By: Ryan Welsh
The Phillies rise to becoming a powerhouse was well noted from 2007 until 2011. In 2007, the Phillies overcame a 6 game deficit in less than a month to overtake the Mets for the division, but lost to the Rockies in the first round of the playoffs. In 2008, however, the Phillies went on a magical run which ended in a world series win over the Rays. In 2009, they would make another world series appearance, losing to the Yankees in six games on the back of Hideki Matsui (remember him?). In 2011, the Phillies last legitimate contending team, the team won 102 games and lost to the eventual world series winners in San Francisco. That’s where this story officially begins. We’re here to talk about the Phillies farm system, one which is nationally ranked in the top 5 by most “experts” in baseball.The Phillies minor league system features a ton of young talent. From J.P. Crawford to Nick Williams, the Phillies have top level bats waiting in the wings. The Phillies also have a ton of pitching, too. Jake Thompson, former No. 1 overall pick Mark Appel, and Zach Eflin highlight a young crop of pitching talent in the Phillies system. This system seemingly checks all of the boxes you’d want from a young group of players. In addition to all of the names mentioned above, Jorge Alfaro a power hitting C/1B, Andrew Knapp a smooth swinging 1B/C, and Roman Quinn a speedy CF/2B are all highly touted prospects that are within 2 years of making a splash at the major league level. There are plenty of young guys in the system that have high grades, but are still a few years away, too. Carlos Tocci, Cornelius Randolph, Franklyn kilome and Adonis Medina highlight a crop of top tier talent that fit that bill of being few years away from making their presence felt at the big league level.
One future Phillie I’ve decided to leave off this list is a man who is on the cusp of making his major league debut for the Phillies very soon. He could be the missing piece to the puzzle of the Phillies future, but is very much a wild card. Tommy Joseph was acquired by the Phillies in the Hunter Pence trade a few years ago. At the time, Joseph was widely regarded as a top catching prospect with a great bat on the fast track to a bright major league career. Some health issues including a couple concussions has stunted his growth at the minor league level very much, and have led to a position change as well. Joseph now plays first base for the Lehigh Valley Ironpigs and is making his presence felt in a big way. Through 26 minor league games Joseph is hitting a blistering .352 with 6 homeruns and 17 RBI’s. Over his last 10 games Joseph is hitting .297 with 2 HR and 7 RBI’s. Joseph is 24 years old, and can help solve one half of the Phillies platoon issue at 1B this season between Ryan Howard and Darin Ruf, who have combined for a .175 batting average with 8 HR and 19 RBI. So, as you can see, the Phillies haven’t gotten much production from the 1B position thus far, and Joseph has gotten it done while hitting in a limited role at AAA.
The Phillies rise to becoming a powerhouse only lasted for a short five years from 2007-2011. However, the Phillies have set themselves up very nicely for a much longer run with all of the above mentioned prospects expected to be in the majors within just a couple of years.

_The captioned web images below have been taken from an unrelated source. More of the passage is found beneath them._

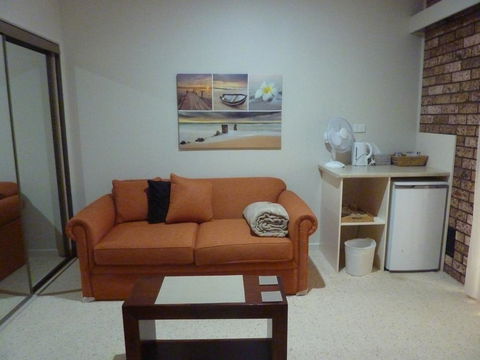 Batemans Bay Manor - Bed And Breakfast - Renee 2
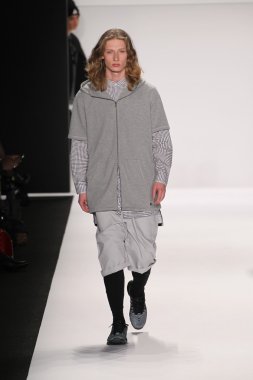 Tasarımcı denetim sektörü elbise modeli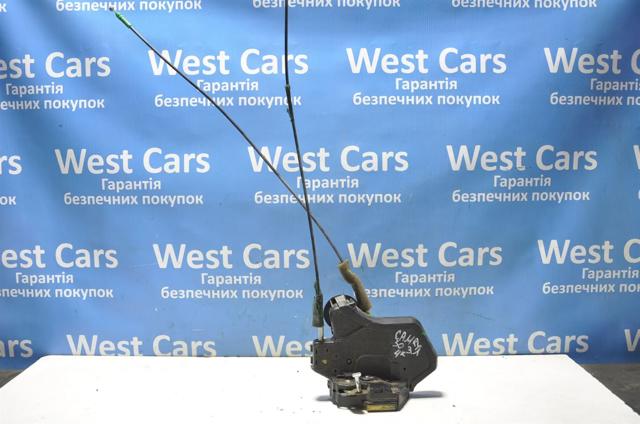 Замок задніх дверей, лівих 69060AA020 TOYOTA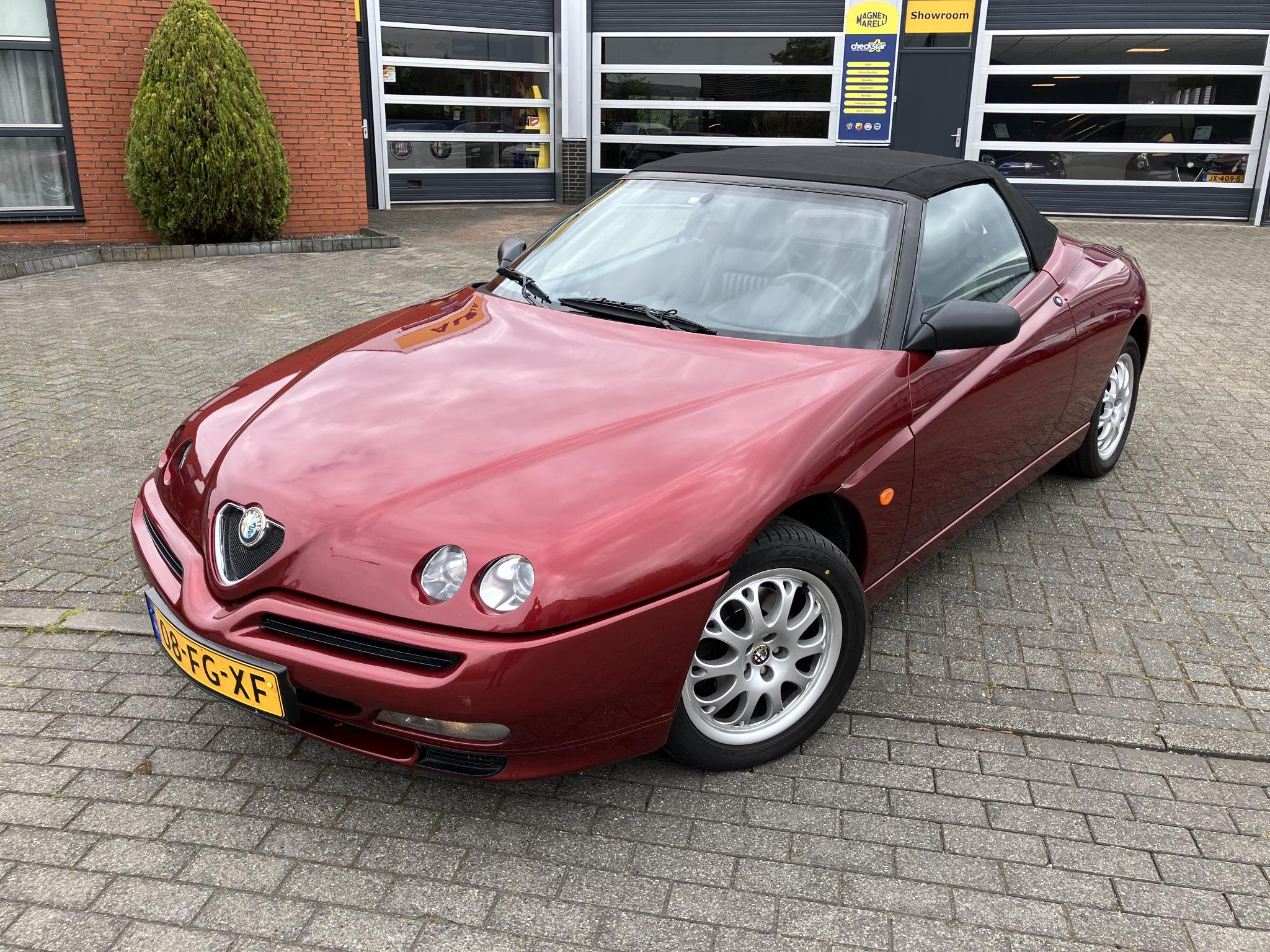 Foto van Alfa Romeo ( Alfa Romeo Spider )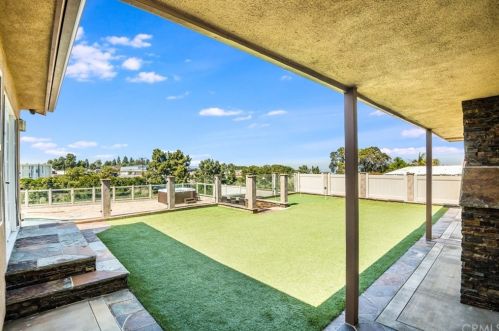 5087 Silver Arrow Dr, Rancho Palos Verdes CA  90275-3737 exterior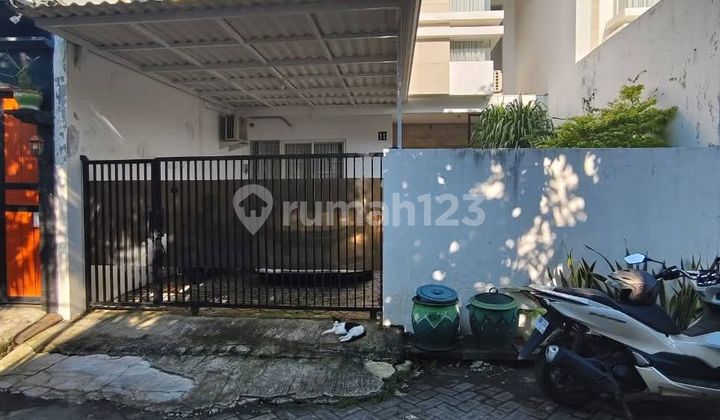 Rumah Minimalis Semi Furnished Lokasi Semampir  Surabaya  2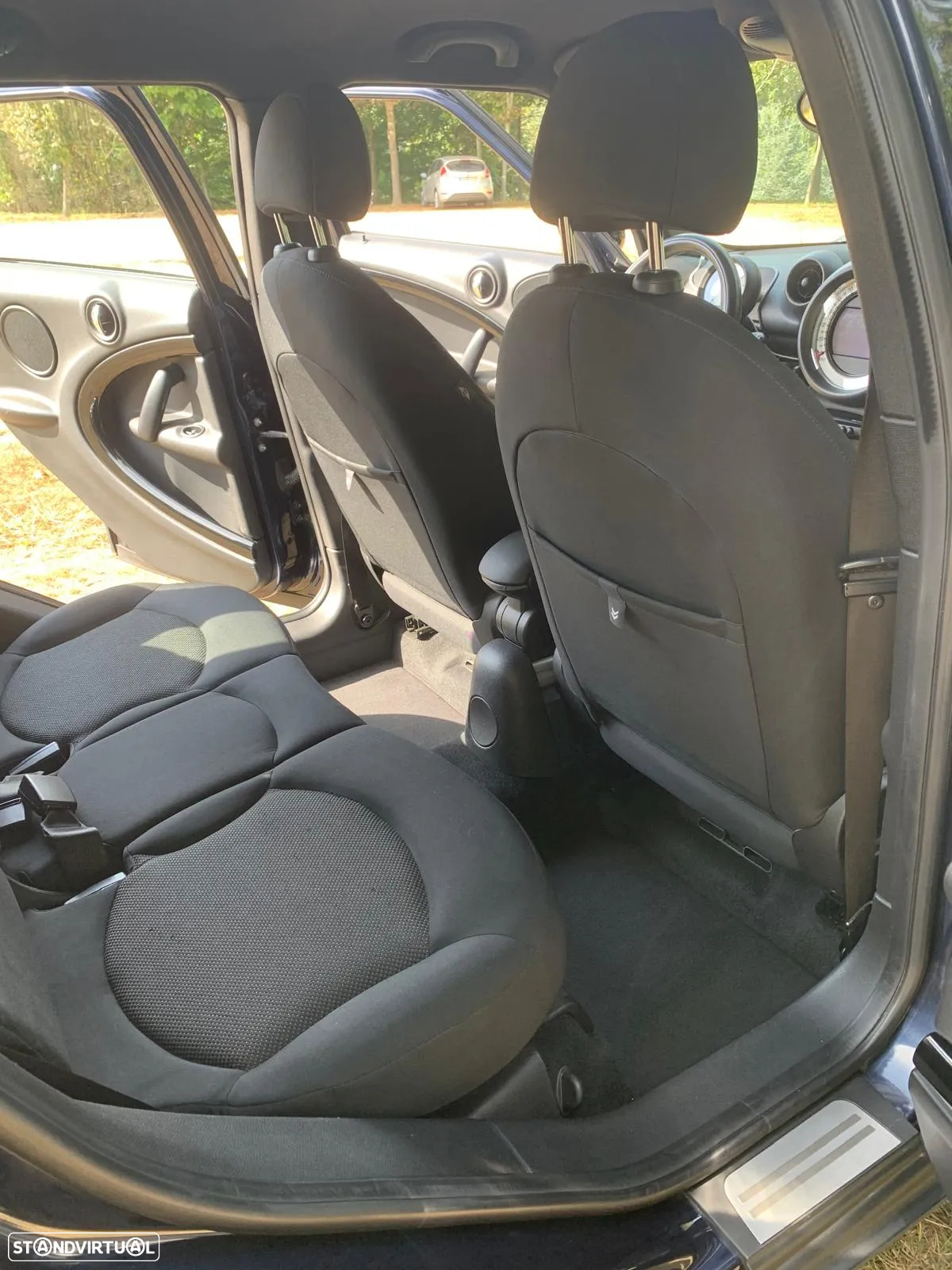 MINI Countryman Cooper D - 12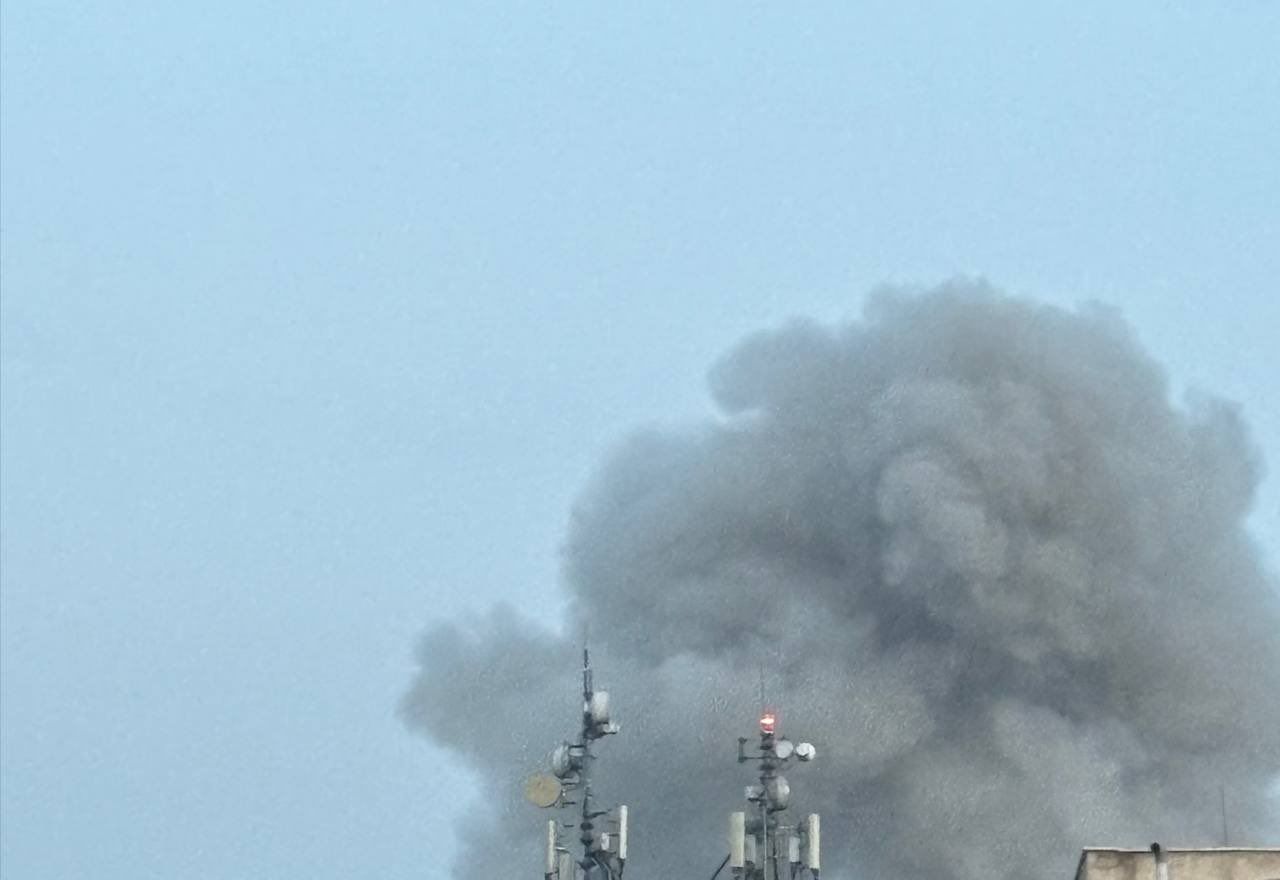 @Eli Afriat 🇮🇱: 🚨🇺🇸🇮🇷BREAKING: The US attacked the former US embassy in Tehran, which had become a gathering point for Revolutionary Guard and Basij fighters - according to Iranian opposition reports.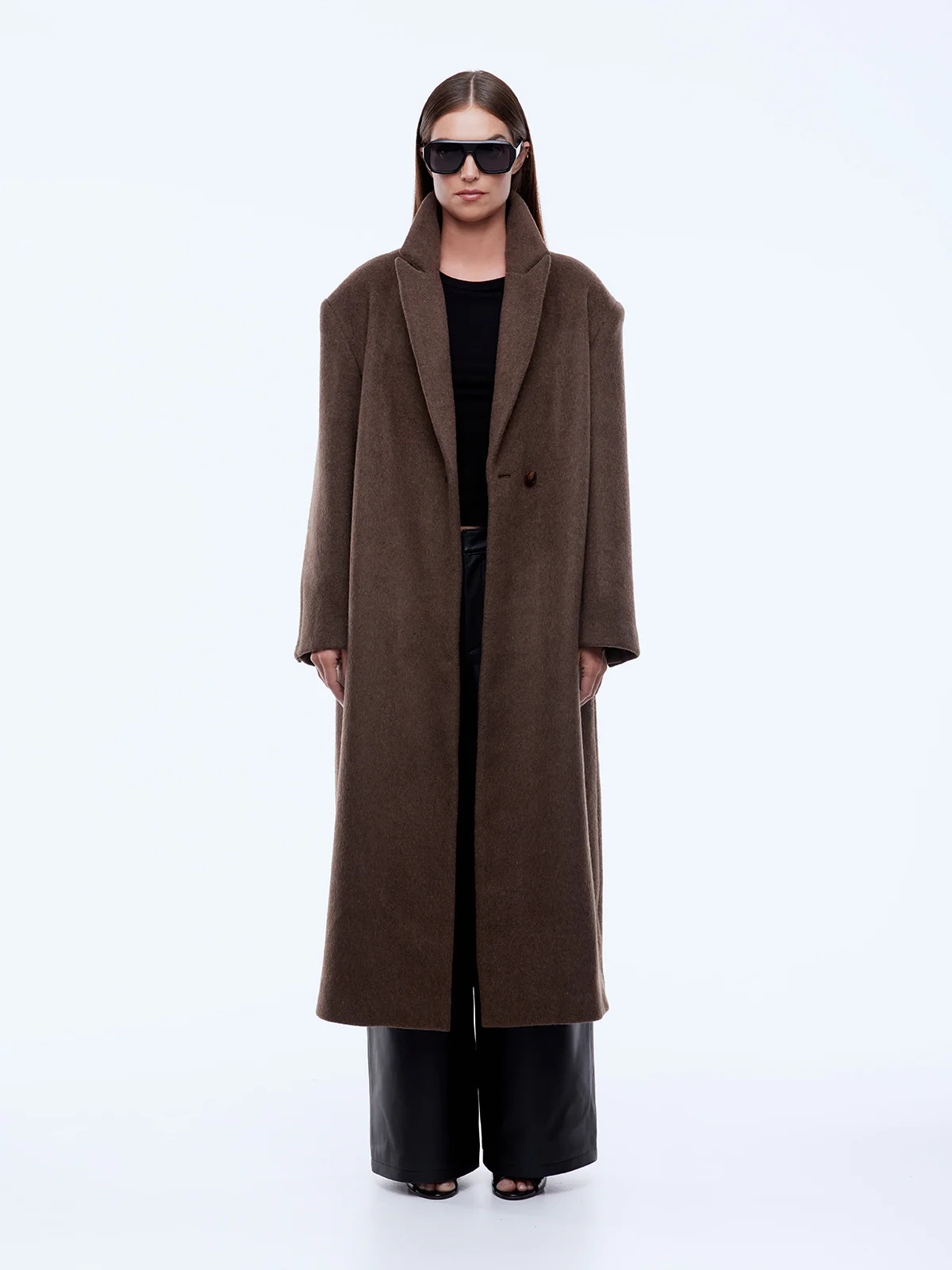 SCARLET COAT | Ena Pelly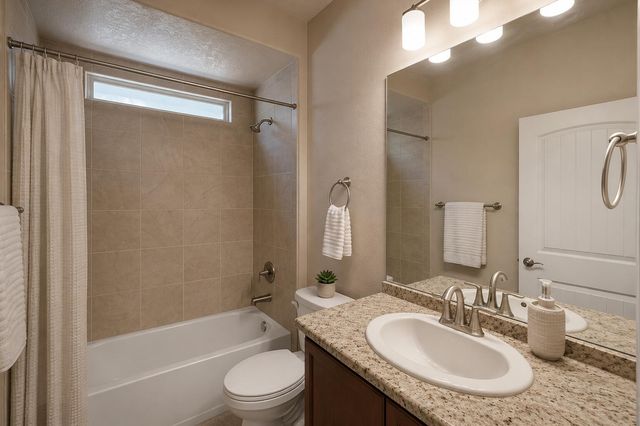 5719 Cosmo Place NE, Rio Rancho, NM 87144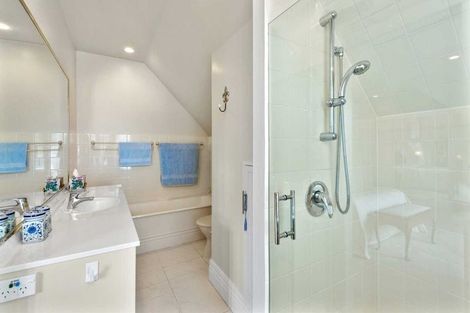 Photo of property in 12 Makora Street, Fendalton, Christchurch, 8041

Already established young stars in Aaron Nola, Vince Velasquez, Mikel Franco and Odubel Herrera are sure to be excited to get some of these future Phillies in camp very soon. With 8 total prospects ranked within the top 100 in all of baseball, the Phillies future is shining bright.
Update: Tommy Joseph was called up by the Phillies on Friday, making his major league debut against the Cincinnati Reds. Joseph went 0-2 with a walk, a run scored and two strikeouts. Darin Ruf was sent down to make room for Joseph on the 25 man roster.